Thanks to Anonymous who linked to this Politico piece which seems to answer the questions raised yesterday about the Wildfire Commission Report link.
Agriculture Department employees have been ordered to delete landing pages discussing climate change across agency websites and document climate change references for further review, according to an internal email obtained by POLITICO.
The directive from USDA’s office of communications, whose authenticity was validated by three people, could affect information across dozens of programs including climate-smart agriculture initiatives, USDA climate hubs and Forest Service information regarding wildfires, the frequency and severity of which scientists have linked to hotter, drier conditions fueled by climate change. And it is reminiscent of moves made during the first Trump administration to remove references to climate change from federal government websites.

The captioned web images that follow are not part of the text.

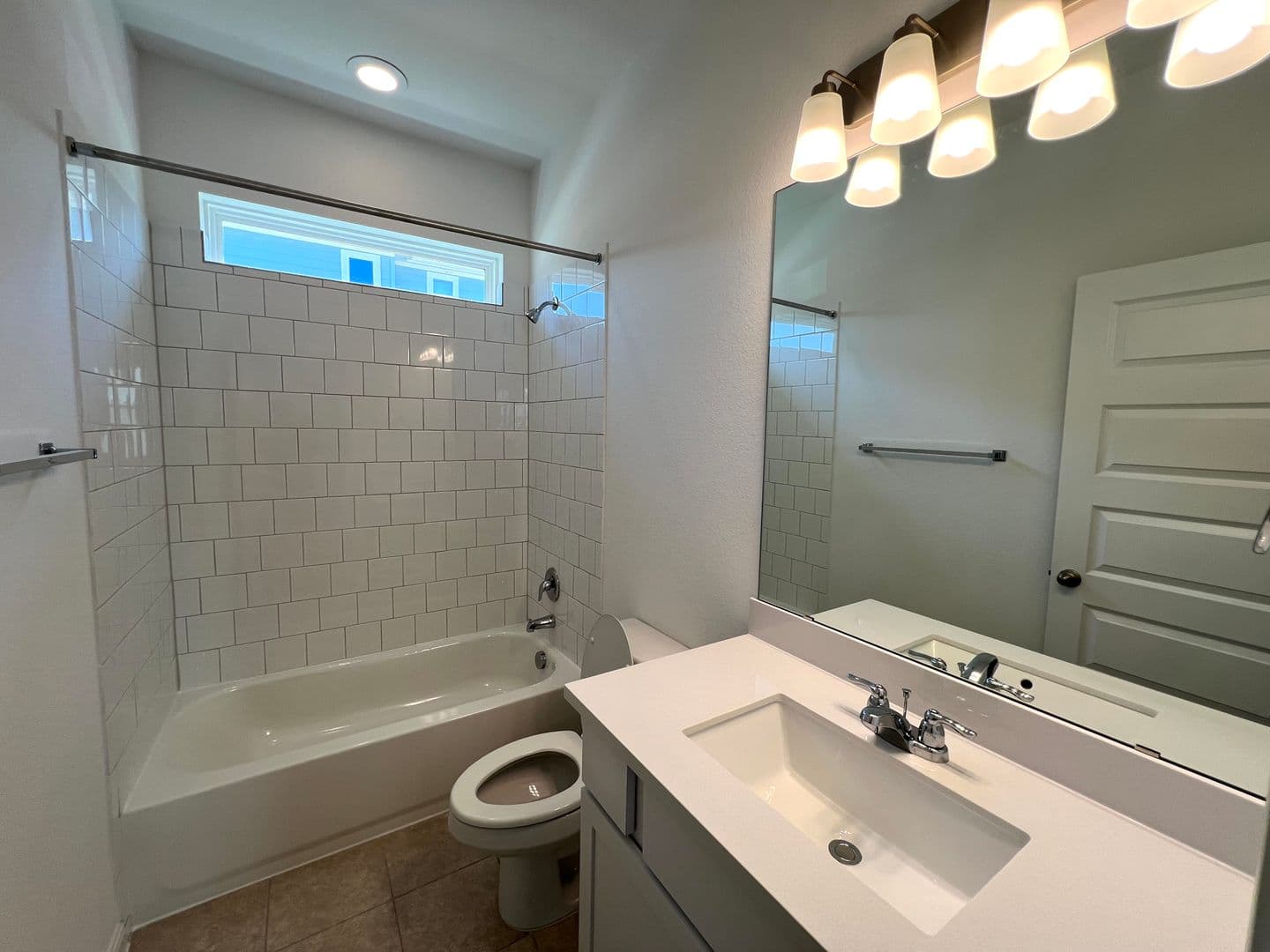 Taylor House: 302 Elm Branch Trl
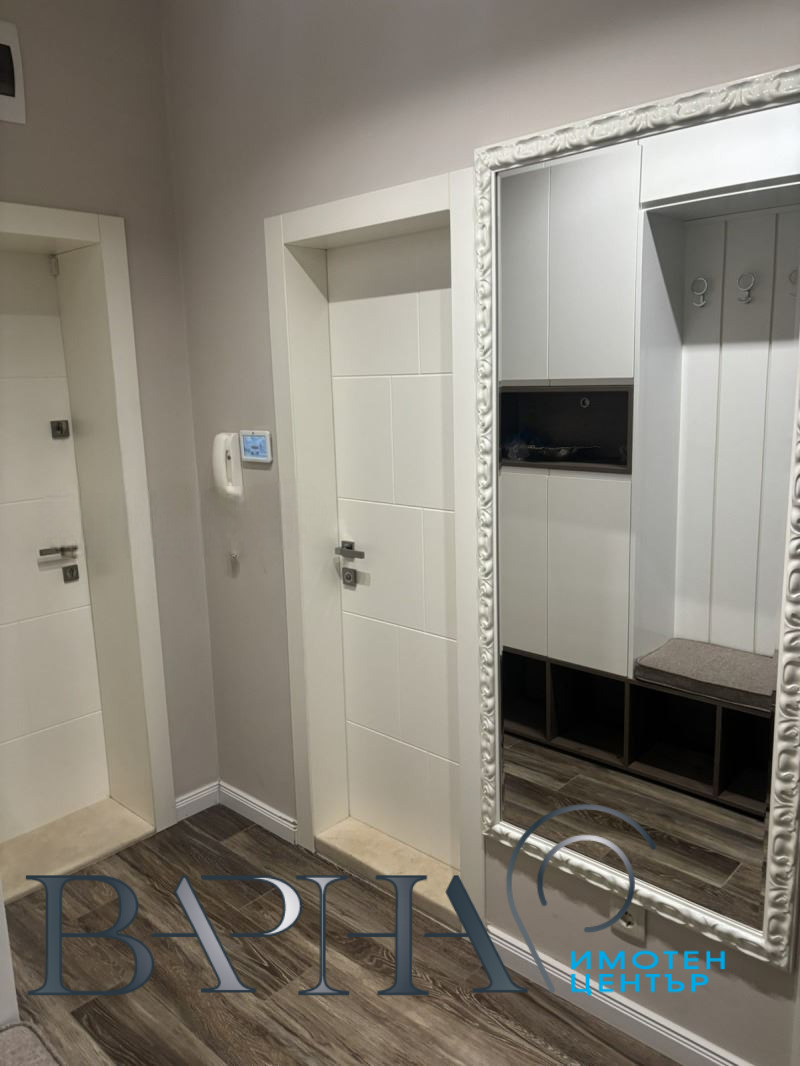 ���� ��� ���� 2-����� | Imot.bg � ����������� 11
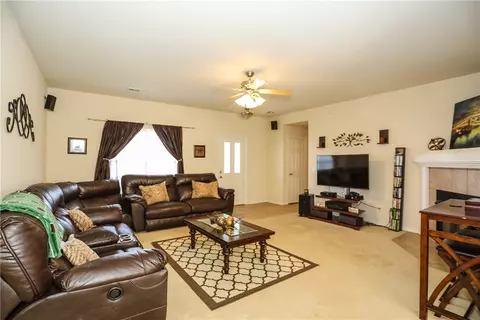 1210 Maplewood Dr, Centerton, AR 72719 photo 3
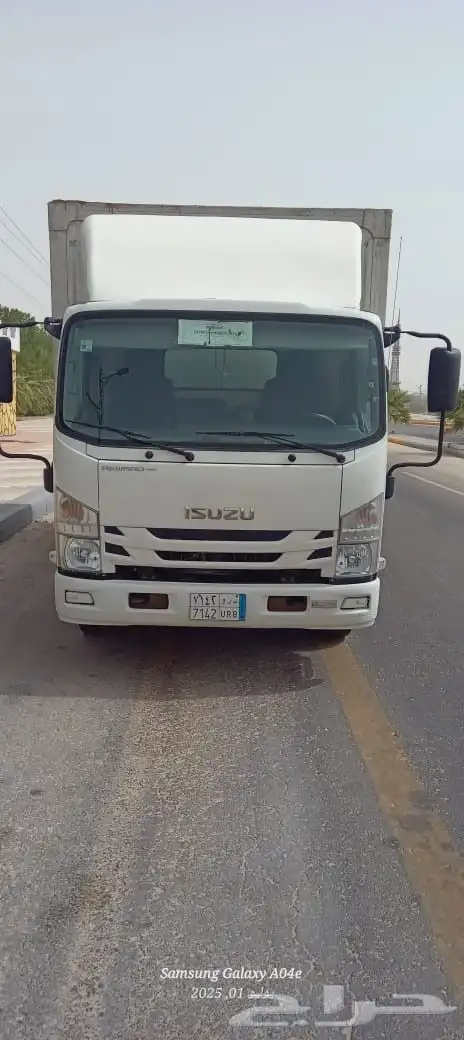 دينا 0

The email sent Thursday afternoon calls on website managers to “Identify and archive or unpublish any landing pages focused on climate change” and “Identify all web content related to climate change and document it in a spreadsheet” for the office to review. It set a Friday deadline for handing over titles, links and “your recommendation on how the content should be handled.”
Interesting that Politico did not post the actual leaked memo.
First, we have to imagine that both the leaker and Politico are being accurate. So I guess we have to trust both of them on this, for now. Stories and reality will be changing by the day, the week and the month.
As reported, the email talks about “landing pages” and not all pages. Which would explain why we can go to any USDA agency, search on climate change, and find many links. Then it says “identify all web content related to climate change and document it in a spreadsheet for the office to review.” So let’s imagine ourselves tasked with this. Since folks had to claim some relationship to climate change to get funding, there is a climate mention in probably all the programmatic documents and many of the administrative ones (at least for grants, and many positions). They are going to put thousands (or millions?) of documents in a spreadsheet by Friday?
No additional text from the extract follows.